(Beginning of Input records)

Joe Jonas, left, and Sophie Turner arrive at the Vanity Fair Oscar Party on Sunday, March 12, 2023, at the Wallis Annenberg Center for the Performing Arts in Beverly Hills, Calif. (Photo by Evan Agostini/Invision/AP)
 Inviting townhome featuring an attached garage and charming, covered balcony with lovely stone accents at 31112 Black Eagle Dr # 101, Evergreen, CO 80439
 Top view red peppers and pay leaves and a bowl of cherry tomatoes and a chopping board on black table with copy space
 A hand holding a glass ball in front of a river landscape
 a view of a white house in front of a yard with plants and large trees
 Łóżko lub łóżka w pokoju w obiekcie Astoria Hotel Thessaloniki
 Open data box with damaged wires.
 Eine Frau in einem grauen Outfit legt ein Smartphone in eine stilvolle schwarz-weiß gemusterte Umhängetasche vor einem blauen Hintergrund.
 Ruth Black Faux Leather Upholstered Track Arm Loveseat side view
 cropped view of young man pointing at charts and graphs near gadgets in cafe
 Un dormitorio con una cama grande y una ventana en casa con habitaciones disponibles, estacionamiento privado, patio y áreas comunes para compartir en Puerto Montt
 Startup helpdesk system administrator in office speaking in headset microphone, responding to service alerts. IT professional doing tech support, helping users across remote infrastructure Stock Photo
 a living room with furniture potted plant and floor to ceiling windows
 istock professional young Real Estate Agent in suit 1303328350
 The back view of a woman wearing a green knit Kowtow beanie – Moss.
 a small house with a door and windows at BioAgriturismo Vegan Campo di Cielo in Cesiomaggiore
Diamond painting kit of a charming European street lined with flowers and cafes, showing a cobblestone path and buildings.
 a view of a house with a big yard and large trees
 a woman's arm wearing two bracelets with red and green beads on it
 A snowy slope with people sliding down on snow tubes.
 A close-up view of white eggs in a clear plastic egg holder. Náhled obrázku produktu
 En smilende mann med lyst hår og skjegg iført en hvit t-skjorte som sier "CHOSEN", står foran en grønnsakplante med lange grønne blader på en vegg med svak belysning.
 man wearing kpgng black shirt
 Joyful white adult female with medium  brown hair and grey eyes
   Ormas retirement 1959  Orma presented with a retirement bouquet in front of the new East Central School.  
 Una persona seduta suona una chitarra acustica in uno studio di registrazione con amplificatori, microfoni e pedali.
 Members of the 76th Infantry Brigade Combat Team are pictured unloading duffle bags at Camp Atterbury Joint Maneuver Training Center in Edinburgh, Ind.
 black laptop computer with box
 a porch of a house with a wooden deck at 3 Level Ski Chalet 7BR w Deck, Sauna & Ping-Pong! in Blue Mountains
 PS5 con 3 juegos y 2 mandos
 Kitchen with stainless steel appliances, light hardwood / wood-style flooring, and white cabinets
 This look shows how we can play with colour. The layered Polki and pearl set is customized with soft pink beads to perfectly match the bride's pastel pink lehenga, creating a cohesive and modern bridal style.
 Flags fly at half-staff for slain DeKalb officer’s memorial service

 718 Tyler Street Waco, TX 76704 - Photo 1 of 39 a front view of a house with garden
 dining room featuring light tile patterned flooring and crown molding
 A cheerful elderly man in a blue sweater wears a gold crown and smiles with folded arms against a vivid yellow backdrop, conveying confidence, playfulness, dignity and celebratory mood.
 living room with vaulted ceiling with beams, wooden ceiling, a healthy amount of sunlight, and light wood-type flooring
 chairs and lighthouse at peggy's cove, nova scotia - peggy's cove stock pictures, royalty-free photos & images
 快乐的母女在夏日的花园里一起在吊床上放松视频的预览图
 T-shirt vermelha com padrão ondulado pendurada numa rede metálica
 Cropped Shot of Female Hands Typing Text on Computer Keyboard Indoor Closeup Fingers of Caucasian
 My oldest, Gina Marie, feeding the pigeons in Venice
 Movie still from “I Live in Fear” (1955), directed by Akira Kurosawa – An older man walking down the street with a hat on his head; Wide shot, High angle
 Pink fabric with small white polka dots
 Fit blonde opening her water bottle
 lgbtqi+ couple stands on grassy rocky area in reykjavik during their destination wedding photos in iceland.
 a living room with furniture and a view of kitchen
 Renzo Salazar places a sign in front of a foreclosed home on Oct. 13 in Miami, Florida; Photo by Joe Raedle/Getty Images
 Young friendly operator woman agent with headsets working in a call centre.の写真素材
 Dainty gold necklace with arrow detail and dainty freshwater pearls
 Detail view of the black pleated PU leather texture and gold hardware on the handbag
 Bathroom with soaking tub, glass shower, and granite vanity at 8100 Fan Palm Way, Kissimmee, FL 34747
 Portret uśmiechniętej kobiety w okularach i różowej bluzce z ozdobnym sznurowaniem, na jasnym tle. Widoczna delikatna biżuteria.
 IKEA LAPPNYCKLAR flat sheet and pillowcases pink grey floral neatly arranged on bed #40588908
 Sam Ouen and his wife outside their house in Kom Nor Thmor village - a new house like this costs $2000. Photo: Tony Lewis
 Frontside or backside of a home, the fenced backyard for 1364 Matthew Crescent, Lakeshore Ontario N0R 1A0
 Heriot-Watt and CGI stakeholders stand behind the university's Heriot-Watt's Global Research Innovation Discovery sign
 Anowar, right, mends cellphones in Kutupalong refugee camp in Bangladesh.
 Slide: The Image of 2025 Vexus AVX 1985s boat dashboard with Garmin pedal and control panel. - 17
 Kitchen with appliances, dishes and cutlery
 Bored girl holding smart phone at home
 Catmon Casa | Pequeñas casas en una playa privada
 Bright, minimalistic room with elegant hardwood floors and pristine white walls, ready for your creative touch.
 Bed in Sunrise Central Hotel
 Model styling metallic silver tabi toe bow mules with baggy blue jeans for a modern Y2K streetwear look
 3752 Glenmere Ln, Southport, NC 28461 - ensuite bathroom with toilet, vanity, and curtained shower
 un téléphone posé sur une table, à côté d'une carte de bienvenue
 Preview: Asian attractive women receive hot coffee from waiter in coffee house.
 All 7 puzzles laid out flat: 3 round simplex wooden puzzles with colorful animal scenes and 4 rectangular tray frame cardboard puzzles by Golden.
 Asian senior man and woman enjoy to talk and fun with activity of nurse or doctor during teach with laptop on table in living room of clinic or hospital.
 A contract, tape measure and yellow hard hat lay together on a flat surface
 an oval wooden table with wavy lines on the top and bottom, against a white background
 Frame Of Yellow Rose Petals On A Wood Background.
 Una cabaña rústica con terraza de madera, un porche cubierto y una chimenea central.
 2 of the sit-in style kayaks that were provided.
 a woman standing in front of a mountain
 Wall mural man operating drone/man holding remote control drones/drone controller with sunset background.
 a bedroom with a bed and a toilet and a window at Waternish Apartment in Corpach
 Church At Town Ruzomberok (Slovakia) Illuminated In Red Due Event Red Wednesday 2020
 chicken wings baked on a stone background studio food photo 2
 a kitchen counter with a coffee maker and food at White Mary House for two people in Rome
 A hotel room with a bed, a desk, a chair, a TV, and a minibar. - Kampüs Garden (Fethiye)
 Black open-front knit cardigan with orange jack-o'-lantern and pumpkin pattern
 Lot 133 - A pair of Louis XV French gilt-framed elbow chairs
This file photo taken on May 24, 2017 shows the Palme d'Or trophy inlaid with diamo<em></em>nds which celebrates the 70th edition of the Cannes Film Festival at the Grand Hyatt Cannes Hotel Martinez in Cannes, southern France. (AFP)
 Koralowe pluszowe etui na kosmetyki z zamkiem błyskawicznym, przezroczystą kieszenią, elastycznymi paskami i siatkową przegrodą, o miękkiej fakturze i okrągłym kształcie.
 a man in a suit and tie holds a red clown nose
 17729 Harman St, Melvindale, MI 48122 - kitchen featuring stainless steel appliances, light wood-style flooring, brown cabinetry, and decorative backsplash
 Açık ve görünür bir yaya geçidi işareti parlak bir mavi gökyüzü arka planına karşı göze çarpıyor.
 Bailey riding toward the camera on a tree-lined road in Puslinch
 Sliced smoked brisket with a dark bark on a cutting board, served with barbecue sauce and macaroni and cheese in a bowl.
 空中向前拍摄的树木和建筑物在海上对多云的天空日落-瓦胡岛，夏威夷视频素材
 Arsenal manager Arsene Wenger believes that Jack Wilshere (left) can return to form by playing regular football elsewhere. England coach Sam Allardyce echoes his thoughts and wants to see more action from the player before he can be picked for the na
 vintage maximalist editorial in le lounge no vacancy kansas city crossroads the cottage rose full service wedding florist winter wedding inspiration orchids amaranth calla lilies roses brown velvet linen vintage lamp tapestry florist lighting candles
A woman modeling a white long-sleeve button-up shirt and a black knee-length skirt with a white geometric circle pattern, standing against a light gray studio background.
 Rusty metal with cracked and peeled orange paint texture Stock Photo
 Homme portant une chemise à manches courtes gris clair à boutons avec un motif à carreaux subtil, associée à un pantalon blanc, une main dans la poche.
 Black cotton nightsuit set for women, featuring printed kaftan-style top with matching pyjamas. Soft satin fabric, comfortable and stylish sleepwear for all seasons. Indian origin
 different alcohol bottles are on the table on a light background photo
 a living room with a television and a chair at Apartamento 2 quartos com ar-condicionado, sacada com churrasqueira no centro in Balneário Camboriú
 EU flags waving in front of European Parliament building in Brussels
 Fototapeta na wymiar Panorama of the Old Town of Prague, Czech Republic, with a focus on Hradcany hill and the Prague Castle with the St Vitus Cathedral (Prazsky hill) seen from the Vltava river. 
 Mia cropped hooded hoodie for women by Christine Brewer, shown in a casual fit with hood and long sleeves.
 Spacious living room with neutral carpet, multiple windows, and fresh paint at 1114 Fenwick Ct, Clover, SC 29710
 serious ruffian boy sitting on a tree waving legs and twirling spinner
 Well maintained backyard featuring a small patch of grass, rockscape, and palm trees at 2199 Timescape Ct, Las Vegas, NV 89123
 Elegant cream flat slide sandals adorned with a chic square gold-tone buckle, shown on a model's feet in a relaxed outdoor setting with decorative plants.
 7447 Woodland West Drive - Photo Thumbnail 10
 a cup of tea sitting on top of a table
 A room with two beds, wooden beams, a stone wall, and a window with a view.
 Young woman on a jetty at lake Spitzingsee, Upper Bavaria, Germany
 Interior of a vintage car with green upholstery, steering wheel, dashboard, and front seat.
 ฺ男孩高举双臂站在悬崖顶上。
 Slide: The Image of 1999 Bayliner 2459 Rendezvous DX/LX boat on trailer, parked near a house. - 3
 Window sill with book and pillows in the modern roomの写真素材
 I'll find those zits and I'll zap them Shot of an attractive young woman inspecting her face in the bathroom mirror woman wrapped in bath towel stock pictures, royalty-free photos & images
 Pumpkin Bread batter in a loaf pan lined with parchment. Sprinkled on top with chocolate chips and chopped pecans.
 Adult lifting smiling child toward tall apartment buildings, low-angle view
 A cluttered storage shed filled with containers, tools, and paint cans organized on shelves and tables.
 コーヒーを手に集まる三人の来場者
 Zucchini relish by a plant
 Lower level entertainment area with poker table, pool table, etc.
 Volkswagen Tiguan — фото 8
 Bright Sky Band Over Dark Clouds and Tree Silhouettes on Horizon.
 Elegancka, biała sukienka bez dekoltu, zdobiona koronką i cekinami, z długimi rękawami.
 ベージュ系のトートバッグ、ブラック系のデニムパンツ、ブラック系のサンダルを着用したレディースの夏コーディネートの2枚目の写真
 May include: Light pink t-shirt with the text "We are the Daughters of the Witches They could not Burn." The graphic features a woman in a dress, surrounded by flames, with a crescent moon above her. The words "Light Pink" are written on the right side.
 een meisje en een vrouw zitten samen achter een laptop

(End of Input records)

> [How to complete this task] Retype only the stretch of lines above starting at the one with "EU flags waving" and stopping at the one with "Fototapeta na wymiar", exactly as written, with both kept.

> [Answer box]
 EU flags waving in front of European Parliament building in Brussels
 Fototapeta na wymiar Panorama of the Old Town of Prague, Czech Republic, with a focus on Hradcany hill and the Prague Castle with the St Vitus Cathedral (Prazsky hill) seen from the Vltava river. 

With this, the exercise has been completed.